USSPACECOM Commander Warns US Artillery Leaders
US Space Command (USSPACE COM) provides – among many other things – position, navigation and timing (PNT) data, satcoms, ISR capabilities and missile warning to a host of combatant units, including precision fires. But leaders involved in fires should be prepared – and prepare their troops – to operate in the absence of those capabilities in circumstances in which the use of space may be degraded or completely denied, said USSPACECOM commander, Gen James H Dickinson, at the 2021 Fires Conference in Fort Sill, OK, on 1 September.
“I’m responsible for providing that to you as the warfighter,” he said. “I want to make sure you know where you’re at. [I] want to make sure that you should know if that’s been denied to you or degraded for you. In other words, when you go out to your units, when you become commanders, you should always remember that you may be in a degraded or denied environment.”
Dickinson said he was pleased to see artillerymen practicing use of the M2 aiming circle — a non-electronic, mechanical and optical device — to aim their guns. “They were setting in that weapon system … they weren’t using GPS,” he said. “They were doing something that they absolutely have to be able to do in the event that they don’t have that signal. And that might not be for a long time, but it might be at a critical point on the battlefield where you have to be, in order to provide your effect — whatever that is — and you can’t get to that.”

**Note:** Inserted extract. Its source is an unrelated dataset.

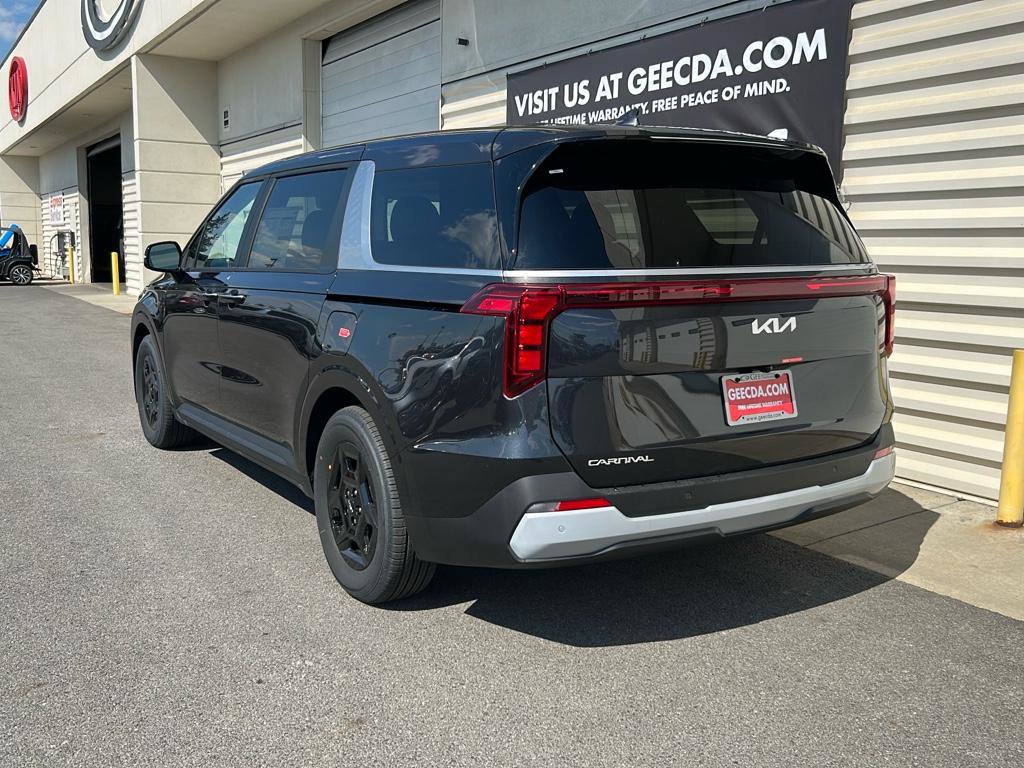 New 2026 Kia Carnival image 6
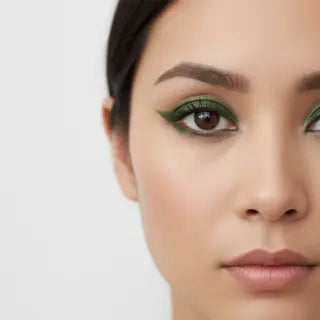 Khol Radhe Verde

The general said he believes that at training centres, scenarios now involve degraded environments to force participants to fall back on older methods to accomplish their mission. “I think they are creating those effects at the National Training Center, at combat training centers, so that you get a feel for what that’s like and having to go back to like an M2 aiming circle or even a lensatic compass and a map, if you have to,” he said. “But I think you, we, have to be prepared that you will be in a degraded or denied environment. And, so, understanding what that means and how you can mitigate that will be even more important.”